Pets should be separated by a barrier such as a baby gate or crate so that both parties may smell and interact safely in case any issues arise. After a few days of being separated, the introduction should be made on neutral territory. Body language is key. Never leave piglets and other animals alone unattended. Allow both piglets and the other animal smell and get to know each other, stepping in or separating when necessary.
Depending on the age you choose to let your piglets go to their new home, this could be the last week you have to continue to socialize your piglet. The more experiences you introduce to the piglet, the easier the transition will be for the pig and new owner. Since most owners choose to have their pig live indoors, they will need to be familiar with as many house hold noises, smells, and activities as possible. Having a routine developed and used can help ease the transition into their new home when that time comes. Piglets should be away from their mother most of the day if not permanently during this time. They should have a designated area in your home for crating and using the potty. This week should be used to continue to work with them in every aspect.
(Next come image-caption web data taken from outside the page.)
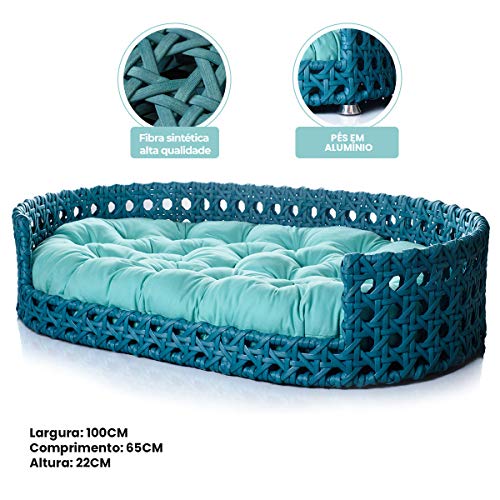 Cama Pet Cachorro Porte Grande Sintético 100x65Cm Fibra Sintética Hive Veludo Tiffany- BedFurPets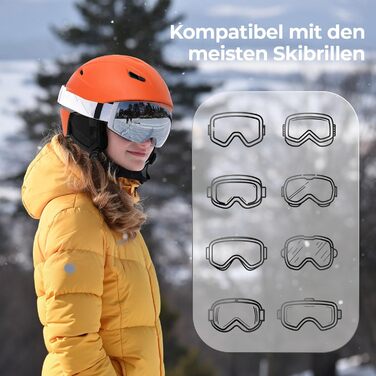 Шолом для сноуборду Skihem для чоловіків та жінок, з вентиляцією, полікарбонат, захист обличчя, оранжевий, розмір M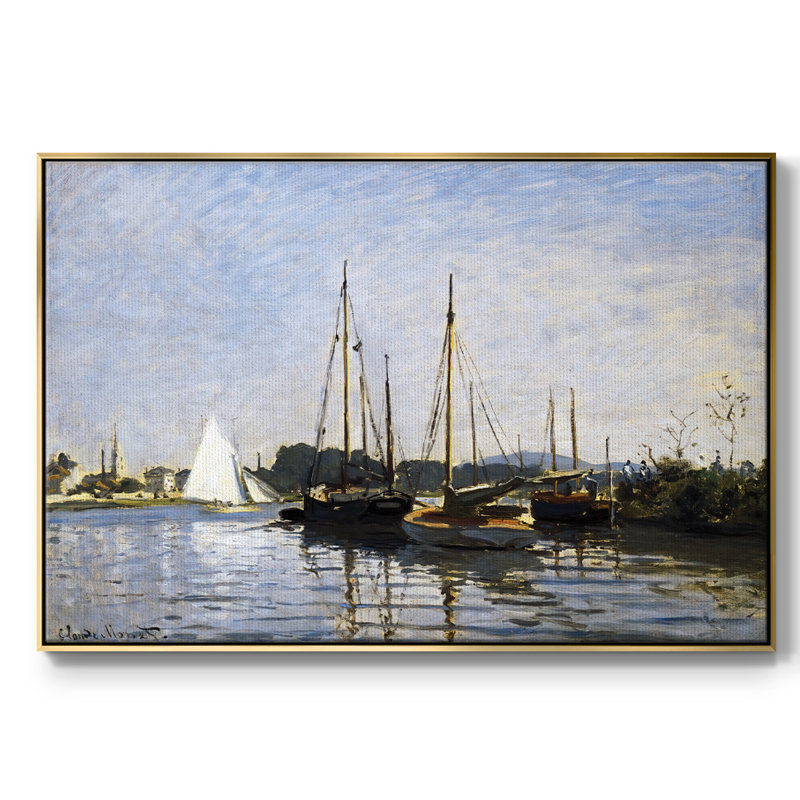 «Pleasure Boats, 1872», reproduction d'art sur toile, H 25 po x l 37 po x P 2 po, Toile avec cadre doré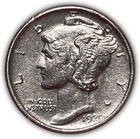 1920-S Mercury Silver Dime Uncirculated UNC Coin, Issues #23643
Your piglets should be eating solid foods, using the appreciate potty method implemented, as well as freely allowing you and your family member to handle and hold. If you feel that certain piglets are lacking in certain areas, it is perfectly fine to take a few steps backwards to start an area of training from step one until their confidence allows you to conquer the specific area. Each piglet will have it’s own unique personality, and some will progress faster and easier than others.
These weeks will be the remaining weeks that the piglets will be with you. During this time you should be continuing to introduce the piglets to new activities and experiences to prepare them to be the best pets possible. If a piglet has any bad habits developed, you should redirect them now. Be sure to reward positive and wanted behaviors. If you feel a piglet is not ready to make the next step or needs improvement in certain areas, do not feel afraid to tell their new owner that he or she needs more time with you. It is our responsibility as breeders to provide the piglet with the confidence and ability to tackle everyday life.